Hikayat (a pseudonym), works in a hospital in Amman today after fleeing her home in Sudan during the war. She is sharing her story in hopes of justice and safety. You can download her story in Arabic and English.
I lived in a village in Sudan, a very beautiful village; it had trees and sand. It was a very lovely place before the war. I lived a happy life with my siblings and family. We went to school and I got to high school. I wanted to go to university but I didn’t have the chance.
I lived there my whole life and left it in the war.
My village in Darfur was very beautiful. I lived all my life and childhood there with my family and siblings. I had 10 siblings: six sisters and four brothers. Our life was good and we lived together as a family with our neighbors. We lived a simple life but the war ruined it.
I worked in planting before the war with my family. It was very beautiful, we didn’t need anything. My mother would sell things in the market and life was good. We did most of the planting in autumn, all types of seeds. We all went to school. I am the youngest child in my family.
I had a wonderful family. We had good neighbors. I feel sad when I think of them, I miss them all. The war started in March 2003, and it continued until 2014.
The war had a terrible effect on my village: the houses were destroyed.”
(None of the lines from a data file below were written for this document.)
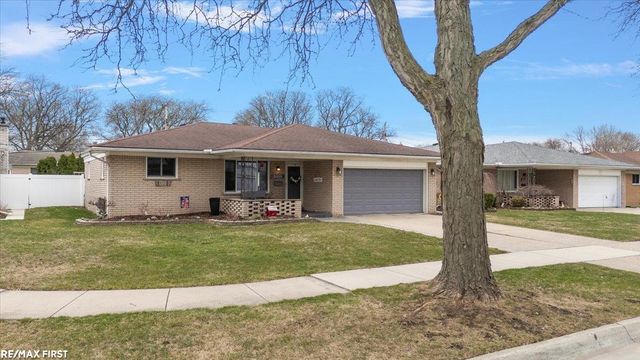 30840 Primrose Drive, Warren, MI 48088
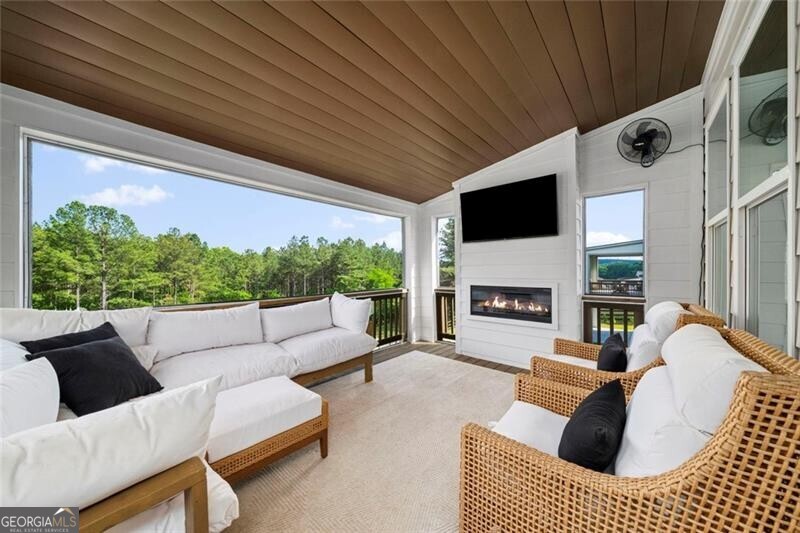 1071 Ridgeview Road Woodstock GA 30188
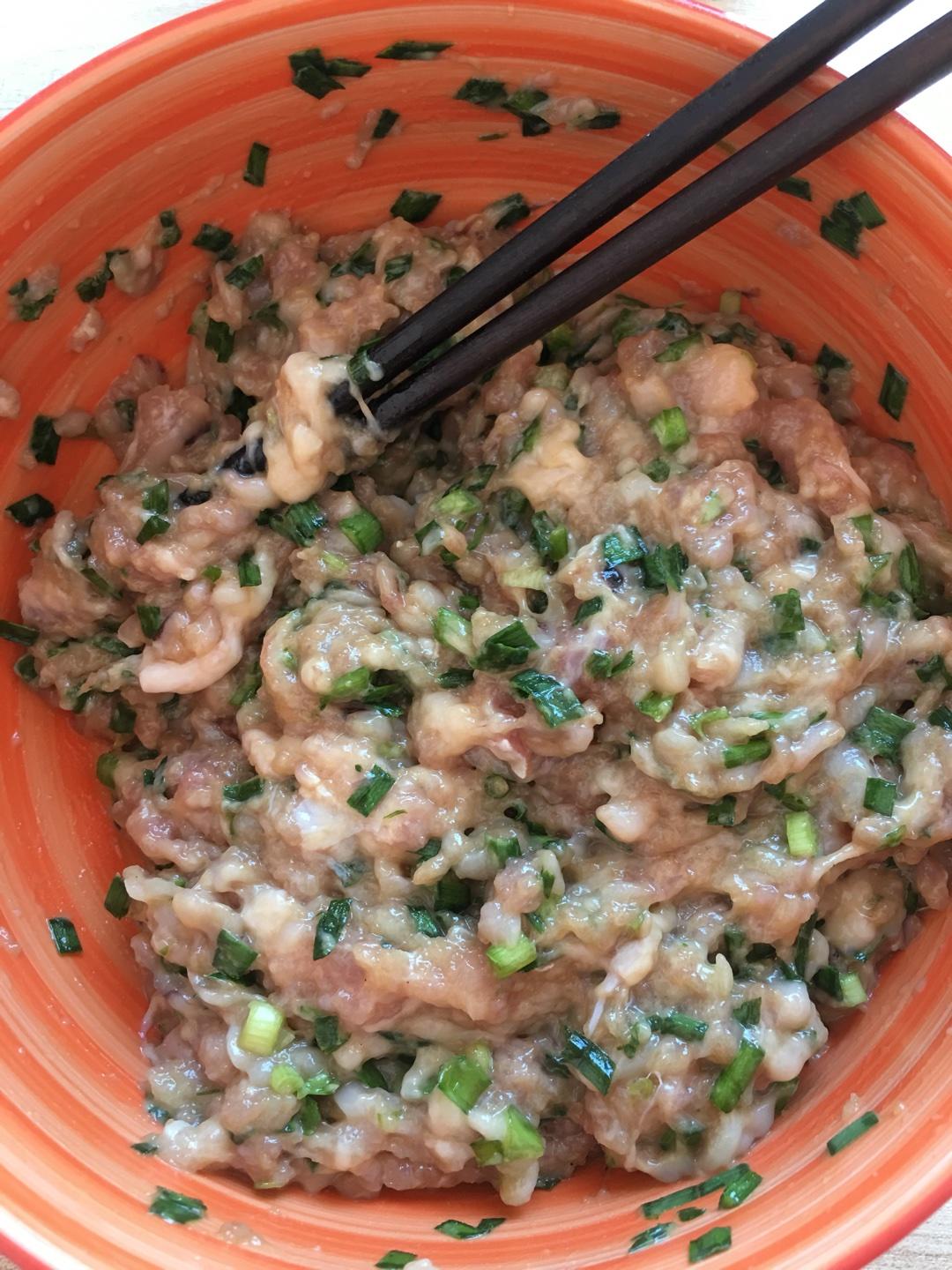 韭菜魷魚鮮肉餛飩的做法 步骤2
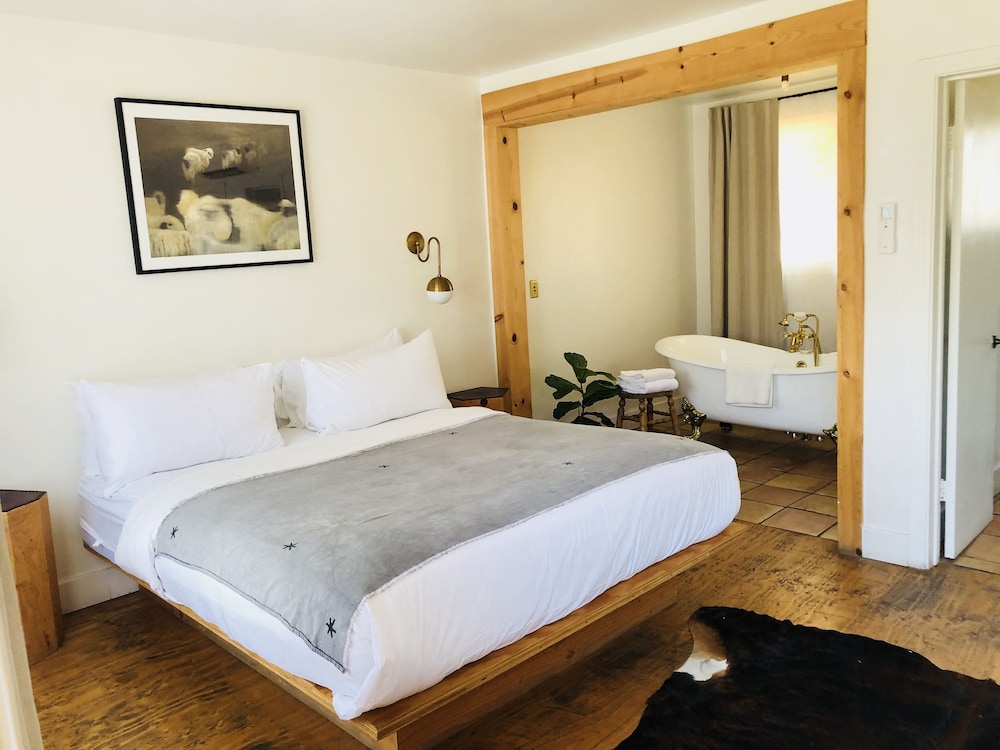 Exclusive Single Room, 1 King Bed, Bathtub, Courtyard View photo 1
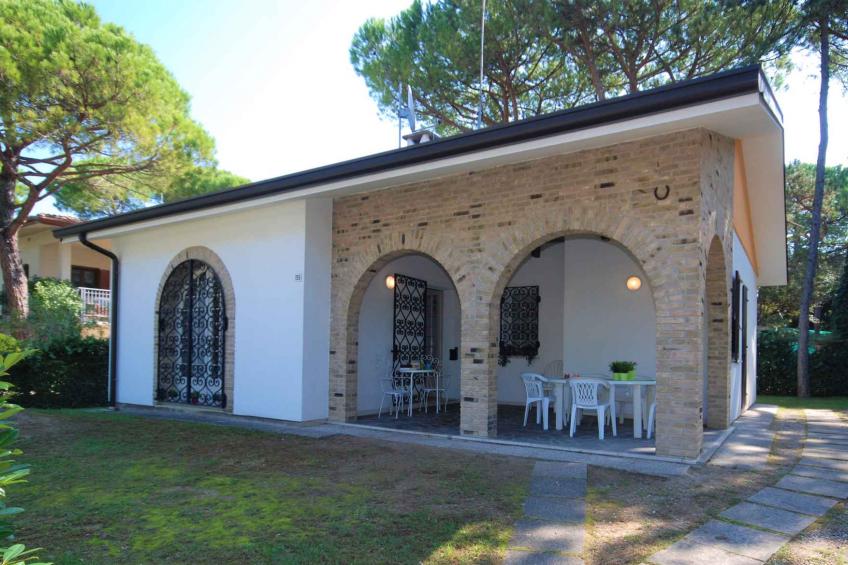 Holiday house with garden - BF-YB9B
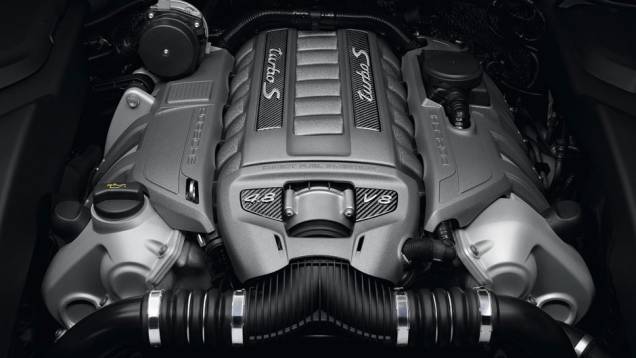 Motor V8 biturbo tem 542 cv de potência | <a href="https://quatrorodas.abril.com.br/saloes/los-angeles/2012/porsche-cayenne-turbo-s-724271.shtml" rel="migration">Leia mais</a>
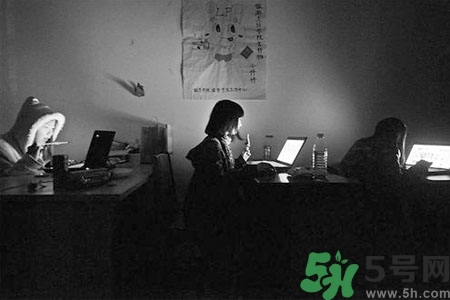 熬夜對青少年有什么影響？熬夜對青少年的危害是什么？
The war had a terrible effect on my village: the houses were destroyed. The people who worked in planting were afraid of explosions. There wasn’t enough food. We ate dry bread and we’d put some water on the bread so we could eat it. The market was closed and we couldn’t buy things. We stayed like this for eight days then they brought us bread from Fasher, and the bread was distributed to families for one month’s supply. They would also distribute flour and sugar. People started to be scared because they were afraid of dying, they would hide under the beds because shots came through the ceiling and on the bed. We slept under the beds.
I felt a lot of fear. When I remember it I get scared. The Janjaweed forces would raid the village. They would kill and rape the women, and my mother said that there was no way for me to stay.
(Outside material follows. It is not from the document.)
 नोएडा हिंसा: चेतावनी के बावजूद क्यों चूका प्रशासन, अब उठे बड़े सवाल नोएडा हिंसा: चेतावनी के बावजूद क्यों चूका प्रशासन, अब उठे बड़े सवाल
We had to leave. All of the neighborhood left.
In the beginning we all left to another area called Fasher. It was 2014. We were there for three months and then we left to another area called Kafout, a five- or six-hour walk. We went to it at night because if we left in daytime and they saw, they would have killed us.
We walked until we got to a place where there were big trucks, and then we got into the trucks and went to an area called Batekha, and we were surprised that Janjaweed forces were there. They hit the tires of the truck. The truck stopped.
I was not with my family but I was not alone in the truck: there were seven girls with me and there were also two guys.
Remembering the situation is very difficult. I don’t want to remember this.
They tied up the guys and they beat them with the bottom of the weapons they carried. Then they made us get down from the truck and walk towards a valley. They asked if we had anything of value. I had a small phone with me that my uncle gave me so I could call my family. They took it.
Then it started to rain and they were beating us. There were mountains and there was sand. It was exactly 1:30 in the afternoon.
You can’t see them, you just see their eyes. Their eyes were full of evil.”
There were three of them. You can’t really describe them because they wear masks to cover their faces. You can’t see them, you just see their eyes. Their eyes were full of evil. They wore military uniforms and masks and they were tall. I remember things about them. They were carrying guns, and I was so scared, I thought I was going to die.
Two of the attackers went with me and the other seven girls, making us walk, leading us to the valley. They beat us as we walked with the bottom of their guns. We had difficulties walking because we were scared and they were pushing us. They told us, “You were leaving town, but we will show you.” They were cursing and swearing and they used very bad language until we reached the valley. They had a Sudanese accent, similar to mine but slightly different, not like we talk.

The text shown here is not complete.